Szef sejmowej komisji sprawiedliwości i praw człowieka Stanisław Piotrowicz (PiS), który jest jednocześnie sprawozdawcą projektu, powiedział, że projekt podwyższa "standardy orzekania w Trybunale Konstytucyjnym, w trosce o demokratyczne państwo prawne, w trosce o prawa obywateli".
- Zrozumiałe jest, że silniejszą legitymizację ma orzeczenie (TK - red.) wydane w bardziej liczebnym składzie, zdecydowaną przewagą głosów, niż np. przez trzech sędziów - komentował projekt.
Sparaliżuje pracę Trybunału?
Według szefa klubu PO Sławomira Neumanna ustawa według projektu PiS sparaliżuje Trybunał. Poseł zwrócił też uwagę na pośpiech w procedowaniu: w nocy (z wtorku na środę) pojawiła się informacja, że projekt nowelizacji ustawy o TK wpłynął do Sejmu, a rano na posiedzeniu Konwentu Seniorów jest wprowadzany do porządku obrad.
Paweł Kukiz (ruch Kukiz'15) uważa, że to zaproponowane przez jego klub zmiany w konstytucji, dotyczące TK, dają szanse na zakończenie sporu wokół Trybunału.
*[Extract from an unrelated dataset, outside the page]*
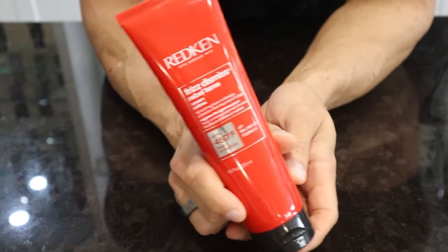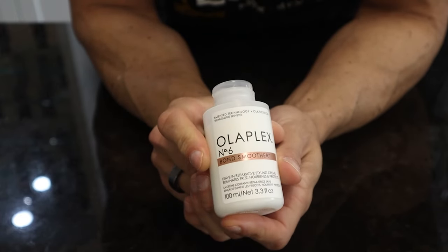Let's start out with products. Before you even start blow drying, you need a leave-in conditioner and some type of blow dry styling product that already has heat protection built in. My three favorites are Redken's Big Blow Dry, Redken's Rebutane, and Olaplex 6. Use a pea-sized amount of whatever product you picked, then use a wet brush to detangle your hair and evenly spread the product out.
Jak dodał, pozostałe partie nie chcą rozmawiać o tych pomysłach, ponieważ są zainteresowane przeciąganiem kryzysu. Kukiz'15 zaproponował wybór sędziów TK kwalifikowaną większością 2/3 głosów, zwiększenie składu TK z 15 do 18 członków oraz badanie zgodności ustawy o TK z konstytucją przez Sąd Najwyższy.
Oprócz projektu ustawy o TK, posłowie zajmą się dziś także m.in. poselskim projektem zmian w ustawie o służbie publicznej.
Czekając na publikację
Trybunał orzekł wówczas niekonstytucyjność jej zapisów o możliwości ponownego wyboru trzech nowych sędziów TK w miejsce tych wybranych przez Sejm poprzedniej kadencji oraz o tym, że osoba wybrana na sędziego TK składa w ciągu 30 dni ślubowanie wobec prezydenta RP.
Zakwestionowano także przepisy mówiące o tym, że ślubowanie zaczyna kadencję sędziego, a także te dotyczące wygaszenia kadencji obecnego prezesa i wiceprezesa TK oraz o możliwości dwukrotnego powołania na prezesa TK.